Mr. Lynch described the review’s conclusions as “unacceptable” and conceded that the VA should have taken a more critical look at the problems. “I think people lost sight of the real goal of the VA—which is treating veterans,” he said.

Here’s Thomas Lynch.

Vets Report

Why waste your time trying to reach that thing? Representative Phil Roe apparently thinks that those who commit deliberate fraud can be shamed.

Newly obtained internal Department of Veterans Affairs emails show that Central Texas VA doctors were directed to alter their scheduling requests for critical medical screenings in an attempt to make wait times appear shorter than they really were.

Printouts of the emails were mailed to the American-Statesman this week by an anonymous VA employee and echoed allegations made earlier this month by former VA physician Dr. Joseph Spann, who said orders to enter false request dates came from the radiology department at Temple’s Olin Teague Veterans Medical Center.
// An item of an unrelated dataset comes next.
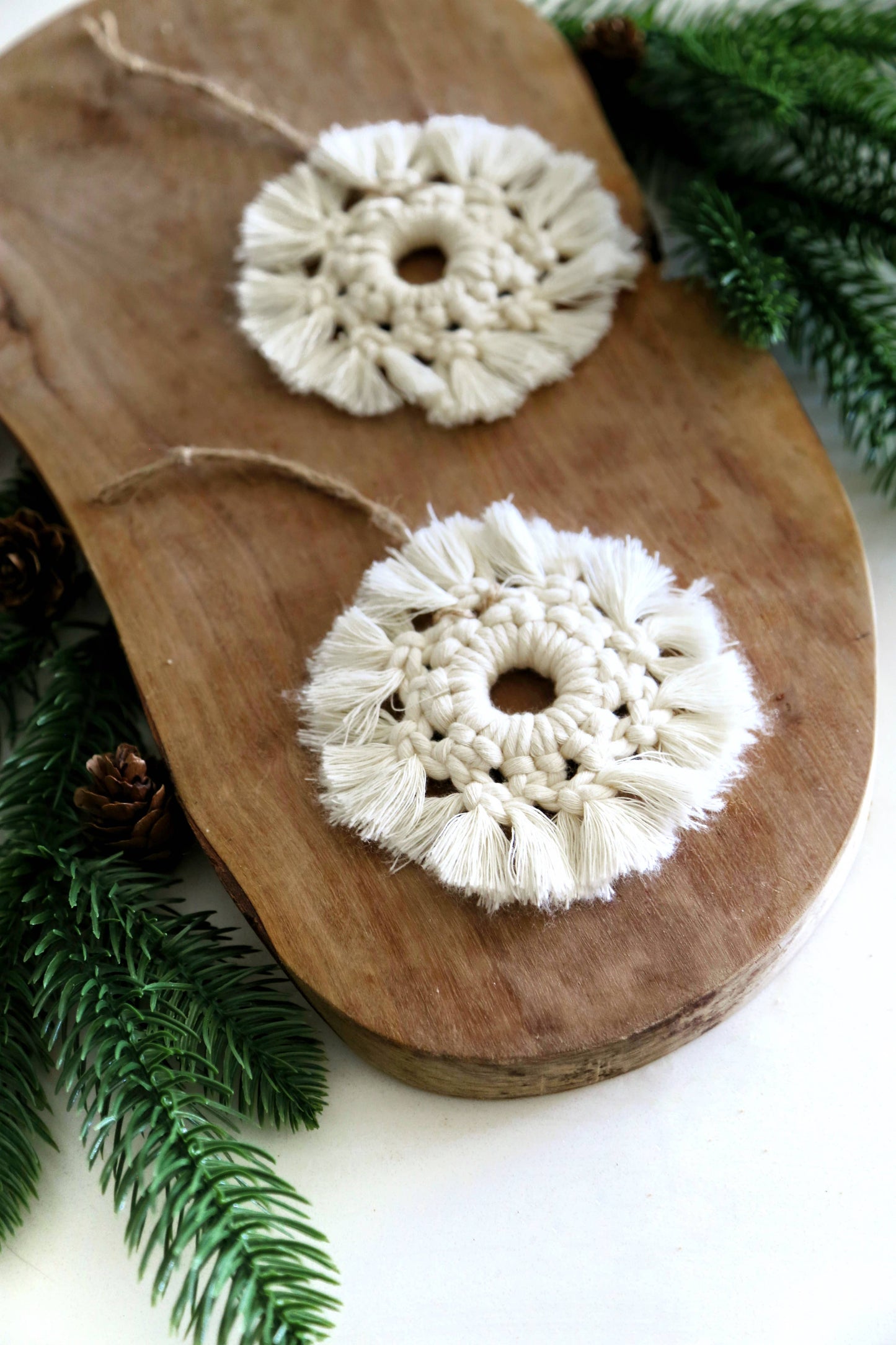 Macrame snefnug – håndlavet julepynt i boho-stil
Spann verified the authenticity of the emails. VA officials didn’t respond to a request for comment.

The VA hospitals falsified records to make their crappy service seem better. They also put veterans on secret wait lists that delayed their treatment. This was done in the hopes that the veterans would die and not cost the system money.

When you confront the people doing this, do you expect them to admit it? They obviously won’t. Because they think you’re an idiot, they’ll put on an act.

Outrage

The point is that they’re doing it all on purpose, and with full knowledge of the end results, which is the deaths of people these bureaucrats have deemed not worth saving. They are indifferent to the suffering of the veterans and their family members.
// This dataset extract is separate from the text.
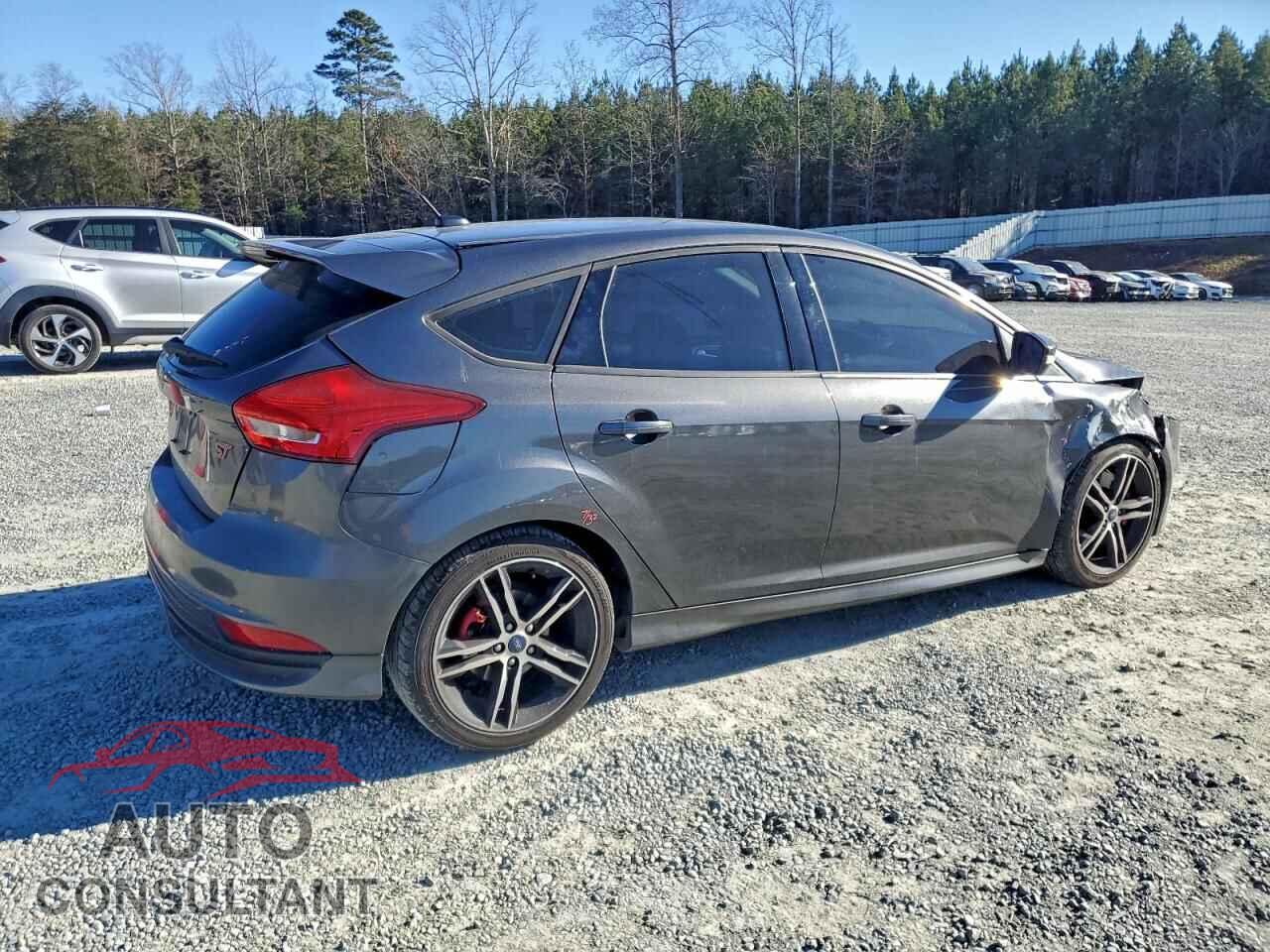 FORD FOCUS 2017 - 1FADP3L95HL348725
Are you aware of how we know the number of people murdered by the world’s despotic regimes? Because bureaucrats kept records. They noted the names and dates of the murders. You don’t ask a bureaucrat how he can look in a mirror. What these people do is compartmentalize. Putting veterans or the elderly on secret wait lists so they’ll die is what the bureaucrat does at work, and then he or she goes home and has dinner, plays with the kids, and watches TV.

Bureaucrats are administering the Affordable Care Act. Look how they treat our veterans. They actually and genuinely put them on secret death lists.

Do you honestly believe that the bureaucrats running the Affordable Care Act will be any different?

I wish these men of the 30th Engineer Regiment (Gas and Flame) were alive to have a word with the bureaucrats of the Veterans Affairs Department.